Why do many addicts relapse multiple times before they recover? Patterns of addiction are deeply layered and embedded. Brain dynamics, physical sensations, social relationships, behavioral habits are all locked into a collective pattern of addiction. No matter how good an intervention is, these patterns do not all change at the same time. They leap and lurch. One moves ahead and others lag behind, so forgetting may dominate early in the recovery process. Later, with appropriate support, new patterns set in. Over time, they begin to dominate, and old patterns recede into the background. The historical patterns may never go away, but the patterns of health are strong enough to control or mask the historical patterns of dependence, and the recovery becomes stable.

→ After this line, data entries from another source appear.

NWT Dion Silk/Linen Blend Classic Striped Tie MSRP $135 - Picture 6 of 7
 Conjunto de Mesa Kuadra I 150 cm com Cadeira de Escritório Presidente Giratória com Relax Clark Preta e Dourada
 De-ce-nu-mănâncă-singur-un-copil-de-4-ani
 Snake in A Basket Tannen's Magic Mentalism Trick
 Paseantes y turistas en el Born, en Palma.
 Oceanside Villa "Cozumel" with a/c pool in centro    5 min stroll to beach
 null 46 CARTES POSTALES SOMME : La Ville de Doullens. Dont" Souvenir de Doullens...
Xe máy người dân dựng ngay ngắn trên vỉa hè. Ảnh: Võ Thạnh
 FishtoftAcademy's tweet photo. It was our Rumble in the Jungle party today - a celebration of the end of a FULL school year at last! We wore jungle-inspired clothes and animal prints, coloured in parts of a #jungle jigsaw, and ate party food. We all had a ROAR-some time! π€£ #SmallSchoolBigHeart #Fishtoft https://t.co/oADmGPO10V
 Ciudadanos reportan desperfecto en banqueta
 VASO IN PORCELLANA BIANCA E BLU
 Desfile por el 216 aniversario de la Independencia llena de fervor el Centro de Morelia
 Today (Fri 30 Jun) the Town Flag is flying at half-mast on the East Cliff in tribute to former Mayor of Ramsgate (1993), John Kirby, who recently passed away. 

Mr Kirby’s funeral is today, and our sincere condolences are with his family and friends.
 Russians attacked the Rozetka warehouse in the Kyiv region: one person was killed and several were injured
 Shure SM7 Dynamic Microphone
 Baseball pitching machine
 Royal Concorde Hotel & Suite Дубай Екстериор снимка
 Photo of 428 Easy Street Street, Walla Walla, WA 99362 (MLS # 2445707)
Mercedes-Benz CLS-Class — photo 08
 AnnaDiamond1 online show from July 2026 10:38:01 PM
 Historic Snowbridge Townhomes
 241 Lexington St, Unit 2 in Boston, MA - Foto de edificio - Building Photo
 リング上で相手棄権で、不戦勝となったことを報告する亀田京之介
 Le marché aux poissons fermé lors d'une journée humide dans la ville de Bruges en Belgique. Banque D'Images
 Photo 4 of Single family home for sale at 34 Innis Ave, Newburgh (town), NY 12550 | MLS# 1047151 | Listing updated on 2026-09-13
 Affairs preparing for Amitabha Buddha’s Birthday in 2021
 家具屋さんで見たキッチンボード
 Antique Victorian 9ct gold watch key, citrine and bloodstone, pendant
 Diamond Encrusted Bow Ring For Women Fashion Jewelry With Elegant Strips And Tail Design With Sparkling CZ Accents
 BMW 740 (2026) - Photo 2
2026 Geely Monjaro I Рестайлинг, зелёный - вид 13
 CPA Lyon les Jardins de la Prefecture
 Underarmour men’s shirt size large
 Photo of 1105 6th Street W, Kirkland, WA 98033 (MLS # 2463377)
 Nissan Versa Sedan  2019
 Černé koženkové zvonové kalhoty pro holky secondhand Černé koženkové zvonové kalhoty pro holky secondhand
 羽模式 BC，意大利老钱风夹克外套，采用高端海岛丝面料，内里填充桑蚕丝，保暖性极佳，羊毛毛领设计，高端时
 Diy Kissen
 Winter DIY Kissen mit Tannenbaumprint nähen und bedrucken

Why are some conflicts intractable? We can think of the shift from peace to conflict or from nonviolent conflict to violent conflict as phase shifts. Fundamental affective, cultural, social structures are transformed. Peace continues to hold in specific places or moments, as conflict erupts at others. The same is true as the system moves back across this boundary. In times of conflict, there can be moments of peaceful collaboration and personal connection. This tendency for peace and conflict to co-exist is a natural feature of complex change, but we usually expect something different. We assume a state of conflict or peace to be pervasive. We think of the passage as crossing a line from one to the other. How would our interventions change if we imagined a transition state where peace and conflict exist together? How would we respond if a situation in conflict were merely a moment of hysteresis in the journey toward peace?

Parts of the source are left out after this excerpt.